After a series of strange deaths, the American ambassador in the UK fears his son, Damien, may be the Antichrist…

Best performance: Gregory Peck holds the whole thing together, playing Robert Thorn as a man emotionally tortured into thinking the unthinkable. But it’s a notably strong cast, with terrific turns from David Warner as suspicious photographer Keith Jennings, Patrick Troughton as troubled priest Father Brennan, and Billie Whitelaw as Mrs Baylock, the terrifying nanny.

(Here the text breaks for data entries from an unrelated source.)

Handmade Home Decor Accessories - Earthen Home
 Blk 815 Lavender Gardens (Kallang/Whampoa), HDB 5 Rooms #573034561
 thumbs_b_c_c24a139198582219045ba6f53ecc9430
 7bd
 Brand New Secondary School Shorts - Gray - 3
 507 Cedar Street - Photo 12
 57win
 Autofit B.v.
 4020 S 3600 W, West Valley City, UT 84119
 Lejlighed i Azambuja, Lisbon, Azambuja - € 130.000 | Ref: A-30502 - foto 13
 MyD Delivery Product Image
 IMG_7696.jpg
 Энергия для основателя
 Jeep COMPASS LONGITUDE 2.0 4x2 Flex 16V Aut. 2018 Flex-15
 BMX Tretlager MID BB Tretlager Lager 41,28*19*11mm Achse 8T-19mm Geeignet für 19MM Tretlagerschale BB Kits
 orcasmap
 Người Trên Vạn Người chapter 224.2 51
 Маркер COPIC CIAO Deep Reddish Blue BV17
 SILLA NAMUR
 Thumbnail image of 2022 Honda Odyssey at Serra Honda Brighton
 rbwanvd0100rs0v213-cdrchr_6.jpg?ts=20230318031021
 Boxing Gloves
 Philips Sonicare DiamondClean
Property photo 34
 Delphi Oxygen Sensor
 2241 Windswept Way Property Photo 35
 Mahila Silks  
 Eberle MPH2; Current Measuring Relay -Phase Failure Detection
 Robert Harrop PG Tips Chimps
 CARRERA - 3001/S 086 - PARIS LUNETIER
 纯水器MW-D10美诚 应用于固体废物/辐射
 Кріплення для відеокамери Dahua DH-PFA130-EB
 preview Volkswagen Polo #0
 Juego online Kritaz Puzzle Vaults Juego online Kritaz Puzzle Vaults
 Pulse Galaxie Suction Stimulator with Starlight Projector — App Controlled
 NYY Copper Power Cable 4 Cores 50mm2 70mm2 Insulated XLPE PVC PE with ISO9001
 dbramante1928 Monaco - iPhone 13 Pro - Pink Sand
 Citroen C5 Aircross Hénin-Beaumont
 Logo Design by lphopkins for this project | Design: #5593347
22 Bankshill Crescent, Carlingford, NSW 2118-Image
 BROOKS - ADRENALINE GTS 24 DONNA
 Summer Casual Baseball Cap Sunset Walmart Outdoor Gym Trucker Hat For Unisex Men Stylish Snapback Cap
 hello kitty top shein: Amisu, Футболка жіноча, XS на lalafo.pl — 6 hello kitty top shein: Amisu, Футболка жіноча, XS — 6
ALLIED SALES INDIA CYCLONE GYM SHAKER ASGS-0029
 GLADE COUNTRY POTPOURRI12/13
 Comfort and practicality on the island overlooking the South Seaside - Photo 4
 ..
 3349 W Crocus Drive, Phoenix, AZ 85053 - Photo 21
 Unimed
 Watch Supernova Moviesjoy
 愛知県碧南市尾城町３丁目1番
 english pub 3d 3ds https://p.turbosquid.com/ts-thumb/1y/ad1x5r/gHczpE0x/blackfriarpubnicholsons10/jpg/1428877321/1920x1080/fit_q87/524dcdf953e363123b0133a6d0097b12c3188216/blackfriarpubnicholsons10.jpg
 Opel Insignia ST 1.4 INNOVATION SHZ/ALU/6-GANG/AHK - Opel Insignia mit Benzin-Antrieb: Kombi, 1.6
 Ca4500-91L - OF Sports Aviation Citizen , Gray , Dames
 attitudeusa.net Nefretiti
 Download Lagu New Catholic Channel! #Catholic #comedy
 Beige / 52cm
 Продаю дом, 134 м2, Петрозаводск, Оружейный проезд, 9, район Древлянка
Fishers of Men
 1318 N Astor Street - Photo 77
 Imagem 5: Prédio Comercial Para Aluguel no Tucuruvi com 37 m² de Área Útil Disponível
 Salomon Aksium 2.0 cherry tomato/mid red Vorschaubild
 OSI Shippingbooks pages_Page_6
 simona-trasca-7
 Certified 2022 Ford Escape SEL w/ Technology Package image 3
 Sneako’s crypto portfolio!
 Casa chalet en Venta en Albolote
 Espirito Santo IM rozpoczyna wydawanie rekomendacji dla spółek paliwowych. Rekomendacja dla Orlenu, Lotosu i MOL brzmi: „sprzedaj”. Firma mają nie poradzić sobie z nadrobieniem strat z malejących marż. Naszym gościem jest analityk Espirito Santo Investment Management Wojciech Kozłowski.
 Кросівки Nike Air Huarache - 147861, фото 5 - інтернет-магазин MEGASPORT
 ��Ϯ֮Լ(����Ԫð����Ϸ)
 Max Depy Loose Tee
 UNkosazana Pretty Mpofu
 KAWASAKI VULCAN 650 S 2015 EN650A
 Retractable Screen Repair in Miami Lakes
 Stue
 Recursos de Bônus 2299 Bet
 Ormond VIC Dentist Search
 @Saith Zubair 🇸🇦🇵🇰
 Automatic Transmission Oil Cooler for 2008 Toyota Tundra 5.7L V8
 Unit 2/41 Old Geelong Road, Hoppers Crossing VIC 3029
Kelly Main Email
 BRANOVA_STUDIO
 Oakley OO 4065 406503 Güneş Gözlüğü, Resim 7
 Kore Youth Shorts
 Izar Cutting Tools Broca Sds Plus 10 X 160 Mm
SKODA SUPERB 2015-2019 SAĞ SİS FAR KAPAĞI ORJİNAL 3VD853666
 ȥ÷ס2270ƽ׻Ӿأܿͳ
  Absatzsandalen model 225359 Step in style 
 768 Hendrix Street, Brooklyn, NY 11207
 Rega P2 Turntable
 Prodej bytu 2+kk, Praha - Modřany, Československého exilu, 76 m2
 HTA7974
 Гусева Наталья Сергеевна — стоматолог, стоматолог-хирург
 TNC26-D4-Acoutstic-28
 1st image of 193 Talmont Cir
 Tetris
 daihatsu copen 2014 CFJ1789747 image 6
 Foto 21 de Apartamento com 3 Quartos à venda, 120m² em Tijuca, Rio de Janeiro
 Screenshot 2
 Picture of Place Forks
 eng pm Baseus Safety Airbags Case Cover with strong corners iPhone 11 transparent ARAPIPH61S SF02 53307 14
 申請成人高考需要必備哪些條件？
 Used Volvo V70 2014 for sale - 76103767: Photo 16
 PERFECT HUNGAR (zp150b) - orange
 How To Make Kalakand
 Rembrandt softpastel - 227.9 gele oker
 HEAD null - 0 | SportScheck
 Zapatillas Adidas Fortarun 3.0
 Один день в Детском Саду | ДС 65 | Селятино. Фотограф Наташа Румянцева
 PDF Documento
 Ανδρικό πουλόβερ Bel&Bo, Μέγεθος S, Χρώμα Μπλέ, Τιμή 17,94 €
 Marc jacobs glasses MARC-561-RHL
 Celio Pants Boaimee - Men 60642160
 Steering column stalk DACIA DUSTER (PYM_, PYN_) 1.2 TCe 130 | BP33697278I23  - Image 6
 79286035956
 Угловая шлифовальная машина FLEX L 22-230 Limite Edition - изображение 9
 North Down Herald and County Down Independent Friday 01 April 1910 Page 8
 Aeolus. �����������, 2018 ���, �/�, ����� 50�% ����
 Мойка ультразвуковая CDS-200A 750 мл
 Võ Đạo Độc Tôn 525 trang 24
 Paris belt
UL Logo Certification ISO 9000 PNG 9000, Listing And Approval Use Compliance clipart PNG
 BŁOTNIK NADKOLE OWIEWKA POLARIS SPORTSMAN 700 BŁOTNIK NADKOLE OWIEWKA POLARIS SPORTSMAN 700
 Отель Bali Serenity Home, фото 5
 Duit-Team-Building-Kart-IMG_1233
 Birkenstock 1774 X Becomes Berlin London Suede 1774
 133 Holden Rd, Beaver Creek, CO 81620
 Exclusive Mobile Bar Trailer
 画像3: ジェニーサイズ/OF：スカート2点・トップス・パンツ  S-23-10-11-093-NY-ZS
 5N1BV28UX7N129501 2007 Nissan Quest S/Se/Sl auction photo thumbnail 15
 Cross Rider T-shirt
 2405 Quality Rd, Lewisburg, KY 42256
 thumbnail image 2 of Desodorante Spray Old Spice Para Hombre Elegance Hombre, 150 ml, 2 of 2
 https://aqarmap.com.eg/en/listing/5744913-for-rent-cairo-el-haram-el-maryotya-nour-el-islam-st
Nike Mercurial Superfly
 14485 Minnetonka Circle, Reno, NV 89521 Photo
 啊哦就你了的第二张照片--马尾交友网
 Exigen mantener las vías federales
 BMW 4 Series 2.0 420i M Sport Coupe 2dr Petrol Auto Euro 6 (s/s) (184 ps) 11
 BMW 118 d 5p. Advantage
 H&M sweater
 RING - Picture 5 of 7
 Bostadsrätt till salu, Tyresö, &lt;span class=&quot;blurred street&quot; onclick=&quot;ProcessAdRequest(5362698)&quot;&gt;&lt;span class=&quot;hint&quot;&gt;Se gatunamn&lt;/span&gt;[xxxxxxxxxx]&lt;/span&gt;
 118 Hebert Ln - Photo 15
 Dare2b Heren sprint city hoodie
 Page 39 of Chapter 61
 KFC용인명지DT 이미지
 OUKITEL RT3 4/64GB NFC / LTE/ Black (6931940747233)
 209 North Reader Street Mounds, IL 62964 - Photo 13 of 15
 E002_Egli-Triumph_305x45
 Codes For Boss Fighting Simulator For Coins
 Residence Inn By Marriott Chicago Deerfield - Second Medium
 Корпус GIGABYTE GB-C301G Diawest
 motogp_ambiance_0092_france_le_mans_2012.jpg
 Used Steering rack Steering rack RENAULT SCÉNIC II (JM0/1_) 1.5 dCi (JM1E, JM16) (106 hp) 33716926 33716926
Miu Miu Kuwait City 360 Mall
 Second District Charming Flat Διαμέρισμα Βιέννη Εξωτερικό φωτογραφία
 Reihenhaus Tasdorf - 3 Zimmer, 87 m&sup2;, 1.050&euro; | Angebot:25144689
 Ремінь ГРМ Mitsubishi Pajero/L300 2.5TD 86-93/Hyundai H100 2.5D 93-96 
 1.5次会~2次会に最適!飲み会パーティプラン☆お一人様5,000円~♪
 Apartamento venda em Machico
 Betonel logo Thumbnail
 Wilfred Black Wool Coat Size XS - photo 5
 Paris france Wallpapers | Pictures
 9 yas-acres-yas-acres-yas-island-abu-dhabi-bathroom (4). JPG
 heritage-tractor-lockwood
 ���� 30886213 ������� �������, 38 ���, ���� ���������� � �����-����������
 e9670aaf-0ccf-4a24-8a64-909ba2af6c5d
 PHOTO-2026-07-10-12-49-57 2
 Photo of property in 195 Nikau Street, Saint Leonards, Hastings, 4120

Best death: Keith Jennings, who’s decapitated by a sheet of glass that’s been flung sideways off the back of a truck. The stunt is shot from numerous angles and the edit shows us the impact four times. The fake head then spins off almost poetically, while behind Keith a shop window breaks and red wine is symbolically thrown up into the air.

Review: The really smart thing about this film is – to use the director’s term – its verisimilitude. Everything is played absolutely for real. It’s a horror film seemingly about the son of Satan, yet nothing inexplicable or supernatural actually happens. A nanny hangs herself, there are some tragic accidents, a child throws a tantrum or two… The horror instead comes from these plausible events mounting up, the way they’re centred on a creepy little boy, and – most effectively – the fact a father allows himself to be convinced that his son is evil. But is he right? One interpretation of the story is that Damien is just a normal child and Robert has gone mad. It’s a fascinating idea. The Omen is a great movie, helped by some terrific incidental music by Jerry Goldsmith, fine location filming at the genuine American embassy in Grosvenor Square, and an all-round excellent job of directing by Richard Donner. Superb.